BEGIN Information shown
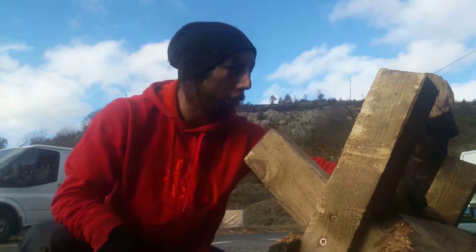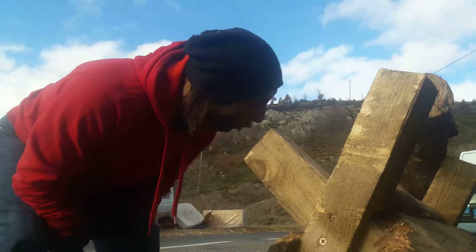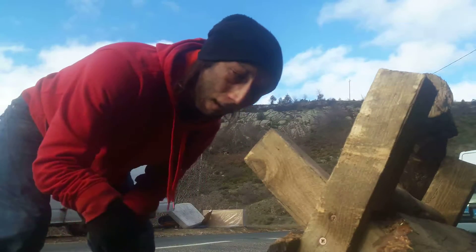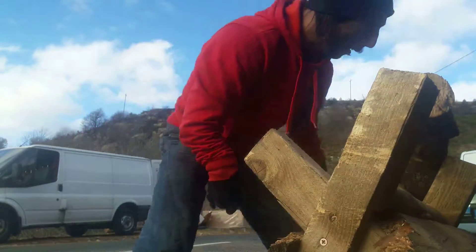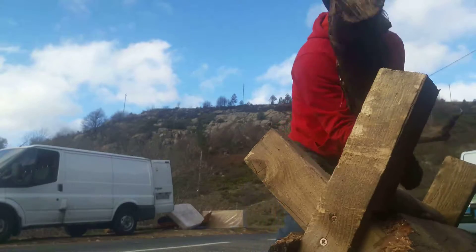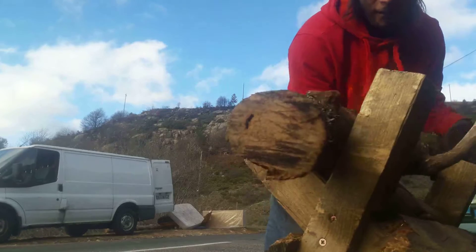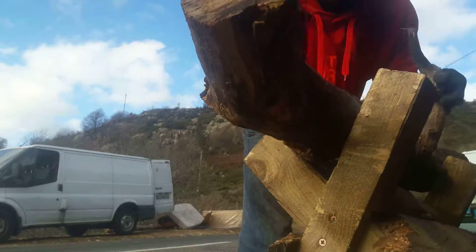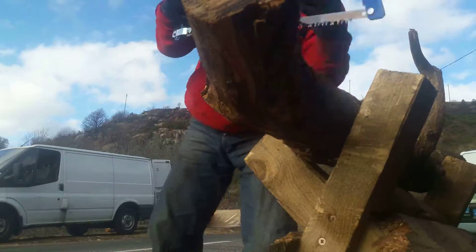Hey, hi guys! Last time I showed you how to have nice abdominals, and today I'm going to show you how to run before the climbing. It's really easy — I take a bunch, and then you just get the bush and you get one.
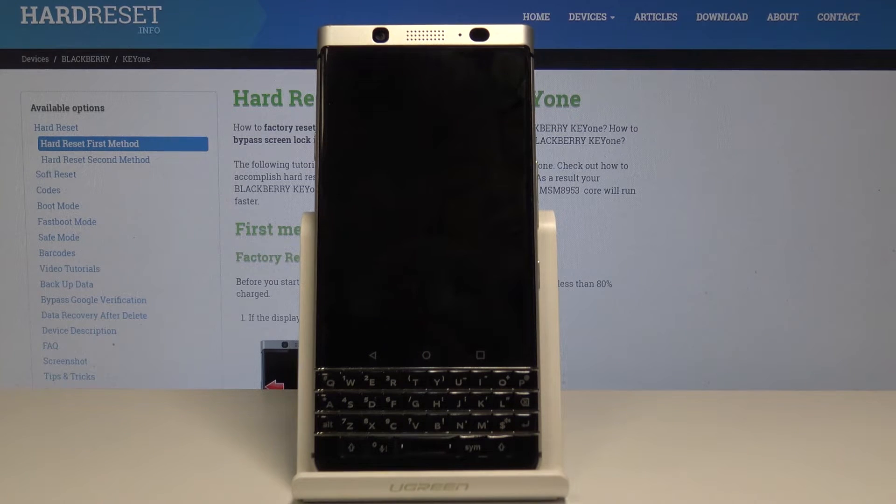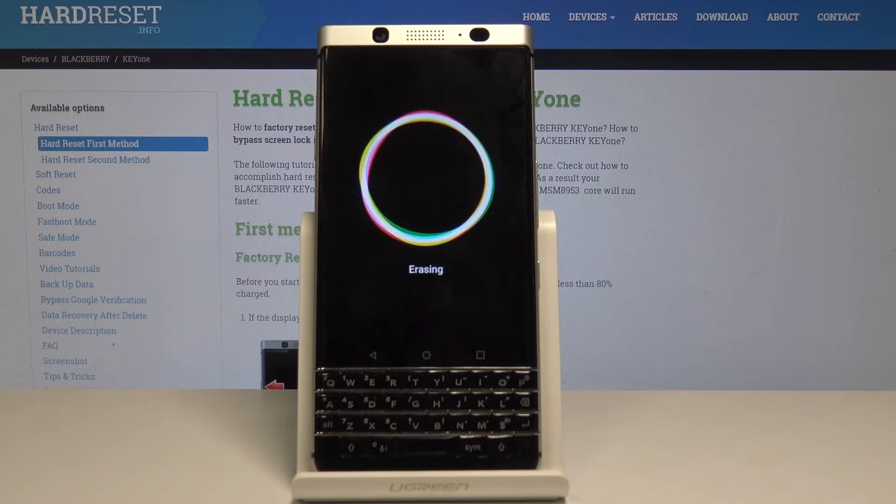Within 10 seconds your device will be reset. Now just be patient and wait until your device wipes the data and then it will turn on with all the data reset. As you can see, it is now erasing all information.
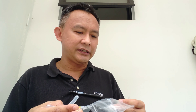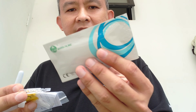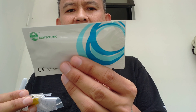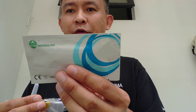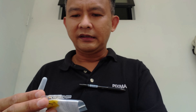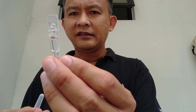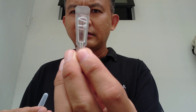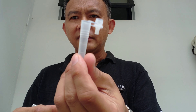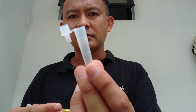Let's follow the instruction manual. So inside here they have this Biotech antigen rapid test oral fluid, right there. And they also give this kind of liquid.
END Information shown
» **Activity**: Set down the data above verbatim, omitting every image.

» **The completed task**:
Hey, hi guys! Last time I showed you how to have nice abdominals, and today I'm going to show you how to run before the climbing. It's really easy — I take a bunch, and then you just get the bush and you get one.
Within 10 seconds your device will be reset. Now just be patient and wait until your device wipes the data and then it will turn on with all the data reset. As you can see, it is now erasing all information.
Let's follow the instruction manual. So inside here they have this Biotech antigen rapid test oral fluid, right there. And they also give this kind of liquid.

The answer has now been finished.